Alright, I finally say to the predator. You want my mana? Let’s make a deal.

Ugh, even thinking the word deal with respect to the predator makes me feel slimy. But if we can’t figure some way past our stalemate, I’m stuck.

I won’t try to Attune you, I say, and I can feel the predator’s surprise and then immediate suspicion at this suggestion. I won’t try to starve you out, either. In exchange, you help me with that spell circle. Once we get to Emrox, I’ll need you to fill in the blanks for any portions of the circle that are damaged. And I’ll also need you to harness enough mana from the surrounding waters to activate the spell.

The predator chews on this, highly tempted, but wondering what the catch is.

No catch, I say. But I’m not done yet. I won’t suppress your mind to try to stop you from taking my mana, but only on the condition you stop taking all of it. I know you need some to stay out of the Between, but can you at least take… less? Enough to keep you here, but not so much that it uses up everything I’ve got?

The predator considers this. It sees the reason in my offer, but it’s still reluctant. It’s hungry. It goes against its nature to leave food behind. But most of all, even though it knows it needs me, it really, really doesn’t like me.

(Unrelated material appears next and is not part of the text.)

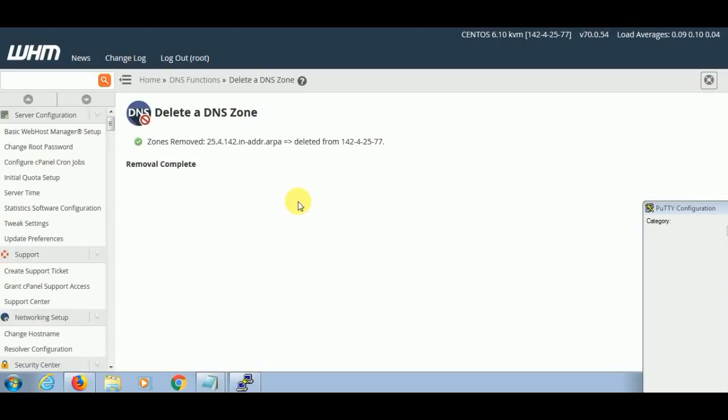Hello friends, today I will show you how to add the reverse DNS and PTR records for a server. Reverse DNS and PTR records are essential for our server because if your reverse and PTR records are already set, then your emails will go to the inbox. Otherwise, if you don't set the reverse DNS and PTR records, then the emails will go to the spam.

Look, I’m just trying to stand a fighting chance, I sigh. You don’t want to end up Between. I don’t want to die. I’m not asking for much—I’m just asking that you don’t be so greedy.

Now that does stir amusement from the predator. It is greed. It is gluttony. The mere concept of rationing its meals fills it with disgust. To ask it to be less greedy is to ask it to not be itself.

But… it might be able to survive off less of my magic. At least for a day or two.

Thank god. Freeing up a bit of my mental headspace from having to suppress the predator at every waking moment will be a relief. Glad that’s—

However, the predator’s thoughts chase me, it will be watching. It doesn’t trust me. It knows I hate it, and it won’t let me send it back Between.

I snort. You’ll be watching me? Right back at you.

And with that I flick the predator’s mind away. I can’t completely cut off our connection, but there’s something satisfying in sending the predator reeling.

Given everything else I’m juggling, I’ll take my wins where I can get them.